Amidst our troubles, South Dakota governor Kristi Noem persuaded the state’s legislature to spend almost one million dollars to establish a new South Dakota Civics curriculum. She said the “common mission and key objective needs to be explaining why the USA is the most special nation in the history of the world.”

That comment made me recall a Pickles cartoon in which Grandma tells Grandson, “You’re unique and special, just like everybody else.” Some people believe in American exceptionalism – we’re the best and the brightest ever – but what about the people who question that or who think every nation is special in its own way?

If our mission is to teach students the USA is the most special nation in the history of the world, are we going to let students use their critical thinking skills to analyze that statement – or will we insist they accept American exceptionalism and feed them only information that supports that goal?

I’m proud of the ingenuity, tenaciousness, and strength my pioneer ancestors demonstrated as they survived and even thrived on the Dakota prairie. They came from Sweden, Great Britain, Germany, Russia, and who knows where else, and they worked hard to create a better life in what was to them a new land full of much needed opportunity. But I’m not going to deny the slave ship captain in the family tree that was discovered by my historian uncle, or ignore the duplicity and inhumanity that allowed European immigrants to acquire the land of the Indigenous people.

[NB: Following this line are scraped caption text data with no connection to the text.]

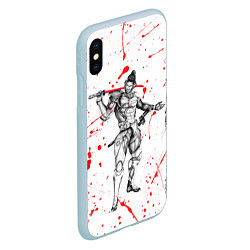 Чехол iPhone XS Max матовый Metal gear rising blood, цвет: 3D-голубой — фото 2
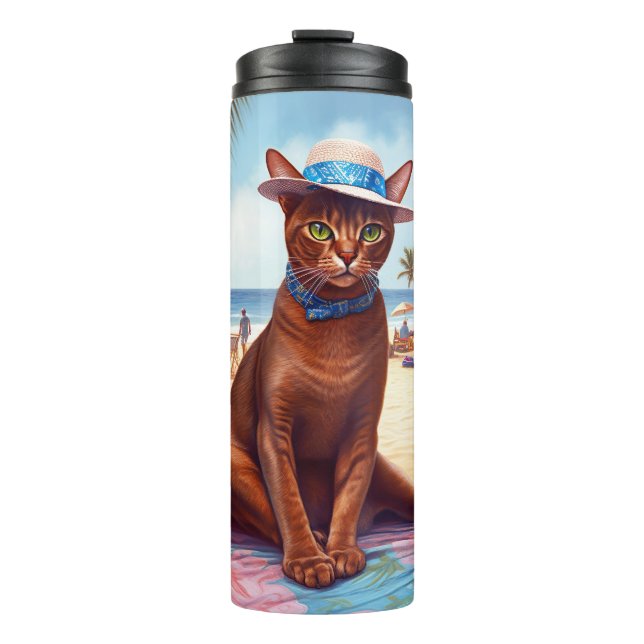 Abyssinian cat on Beach, summer gift for cat lover Thermal Tumbler (Front)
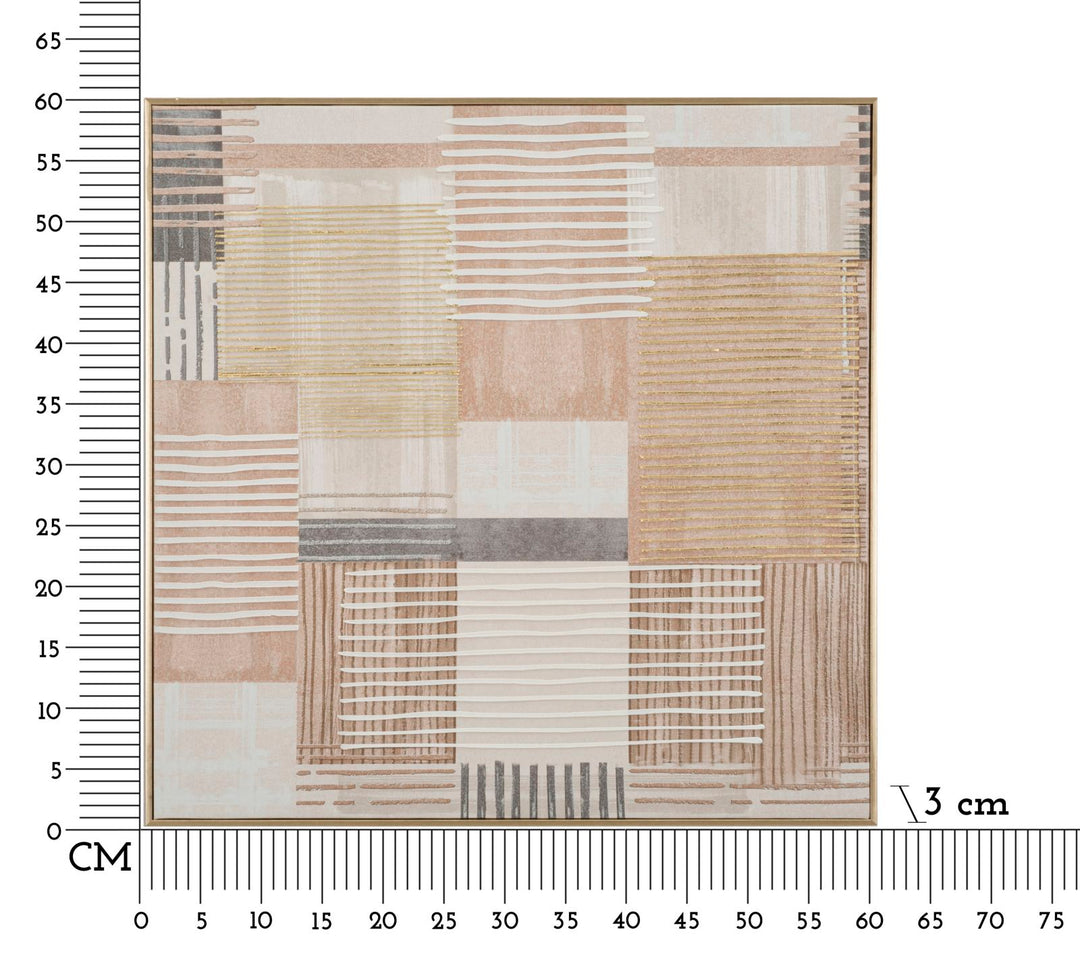 Billedramme af fyrretræ, lærred og plast – 60x3x60 cm - canvas print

It’s natural to want to feel good about ourselves and our nation, but not at the expense of truth and excellent reasoning skills. If we’re truly patriots who love America, we embrace our country, warts and all, and accept the fact that all people – and nations – have strengths and weaknesses. If we can’t be honest about our mistakes, our faults, our ignorance, because we’re clinging so tightly to our superior identity, we won’t be able to develop, to adapt, and to learn from anyone whose viewpoint is different from ours. 

From 1968 to1998, Northern Ireland experienced the conflict commonly called “The Troubles,” a turbulent time in which a low-level war was fought between Catholics (Irish nationalists) and Protestants (British unionists). Catholics wished Northern Ireland would become one with the Republic of Ireland and Protestants wanted to remain part of the United Kingdom.

I visited Northern Ireland several years ago and learned that the Catholic position in The Troubles did not necessarily have anything to do with religion. As our taxi driver stated, “I’m Catholic, but I’m not religious.” The Troubles resulted from a history of injustice and prejudice, and they were eased through cooperative efforts to reduce anger and promote greater fairness throughout society.   

Northern Ireland suffered The Troubles because Protestants thought they were more special than Catholics and vice versa. But The Troubles became less troubling when Queen Elizabeth apologized for the injustices her government had inflicted on the Irish Catholics. On my tour of the Republic of Ireland, our Irish tour guide became quite emotional as she expressed her gratitude for Queen Elizabeth’s acknowledgement of oppressive actions and injustice on the part of the British. When someone sincerely apologizes and takes responsibility for the harm that was done, fear is reduced, and trust can be established. We really can’t trust someone who isn’t aware of the pain they have caused, because people are unable to change if they do not recognize what needs changing.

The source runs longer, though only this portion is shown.